Exercise description.
Within the data that follows, set down exactly the lines from the one containing "stik værktøj gratis" through the one containing "Goalkeeper Jennifer Falk of Sweden", both ends included.

Entries supplied.
--- START ---

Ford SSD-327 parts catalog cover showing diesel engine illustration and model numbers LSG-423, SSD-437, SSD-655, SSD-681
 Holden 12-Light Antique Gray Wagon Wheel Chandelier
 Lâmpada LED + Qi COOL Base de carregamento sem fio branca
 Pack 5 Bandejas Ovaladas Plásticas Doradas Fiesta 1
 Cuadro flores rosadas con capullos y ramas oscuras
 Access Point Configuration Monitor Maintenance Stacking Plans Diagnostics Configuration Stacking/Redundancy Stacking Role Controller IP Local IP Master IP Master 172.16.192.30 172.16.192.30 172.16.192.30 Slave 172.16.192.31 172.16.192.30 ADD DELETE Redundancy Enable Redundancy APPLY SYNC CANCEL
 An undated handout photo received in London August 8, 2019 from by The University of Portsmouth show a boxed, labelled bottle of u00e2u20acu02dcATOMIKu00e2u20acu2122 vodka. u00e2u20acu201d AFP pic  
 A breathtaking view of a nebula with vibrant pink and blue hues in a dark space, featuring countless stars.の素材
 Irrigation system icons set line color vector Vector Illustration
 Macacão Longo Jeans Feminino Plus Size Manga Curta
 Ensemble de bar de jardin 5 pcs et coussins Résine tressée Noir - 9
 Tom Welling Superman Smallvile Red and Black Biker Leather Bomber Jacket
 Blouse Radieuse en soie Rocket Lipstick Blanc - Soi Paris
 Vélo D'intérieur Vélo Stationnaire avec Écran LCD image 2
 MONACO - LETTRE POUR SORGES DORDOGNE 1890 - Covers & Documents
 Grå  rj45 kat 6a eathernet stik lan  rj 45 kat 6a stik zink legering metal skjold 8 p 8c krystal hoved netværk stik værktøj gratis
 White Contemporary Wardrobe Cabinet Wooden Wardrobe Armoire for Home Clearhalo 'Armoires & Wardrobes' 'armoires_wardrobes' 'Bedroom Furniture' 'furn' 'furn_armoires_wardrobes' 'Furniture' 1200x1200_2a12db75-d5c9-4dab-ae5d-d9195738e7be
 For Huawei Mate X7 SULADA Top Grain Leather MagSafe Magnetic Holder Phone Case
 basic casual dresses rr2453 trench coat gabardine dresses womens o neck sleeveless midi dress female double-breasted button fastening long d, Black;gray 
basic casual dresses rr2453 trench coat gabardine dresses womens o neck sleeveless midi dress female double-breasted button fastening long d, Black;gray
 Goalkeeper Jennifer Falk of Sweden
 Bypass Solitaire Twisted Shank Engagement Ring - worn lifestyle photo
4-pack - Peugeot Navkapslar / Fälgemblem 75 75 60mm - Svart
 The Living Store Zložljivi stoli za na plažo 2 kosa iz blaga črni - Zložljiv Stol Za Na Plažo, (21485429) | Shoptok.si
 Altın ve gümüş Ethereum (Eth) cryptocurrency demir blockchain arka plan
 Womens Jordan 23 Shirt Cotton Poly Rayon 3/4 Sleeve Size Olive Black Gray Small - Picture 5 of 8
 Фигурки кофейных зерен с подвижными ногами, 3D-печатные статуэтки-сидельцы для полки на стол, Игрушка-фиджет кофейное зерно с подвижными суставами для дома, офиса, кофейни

--- END ---

Solved exercise.
 Grå  rj45 kat 6a eathernet stik lan  rj 45 kat 6a stik zink legering metal skjold 8 p 8c krystal hoved netværk stik værktøj gratis
 White Contemporary Wardrobe Cabinet Wooden Wardrobe Armoire for Home Clearhalo 'Armoires & Wardrobes' 'armoires_wardrobes' 'Bedroom Furniture' 'furn' 'furn_armoires_wardrobes' 'Furniture' 1200x1200_2a12db75-d5c9-4dab-ae5d-d9195738e7be
 For Huawei Mate X7 SULADA Top Grain Leather MagSafe Magnetic Holder Phone Case
 basic casual dresses rr2453 trench coat gabardine dresses womens o neck sleeveless midi dress female double-breasted button fastening long d, Black;gray 
basic casual dresses rr2453 trench coat gabardine dresses womens o neck sleeveless midi dress female double-breasted button fastening long d, Black;gray
 Goalkeeper Jennifer Falk of Sweden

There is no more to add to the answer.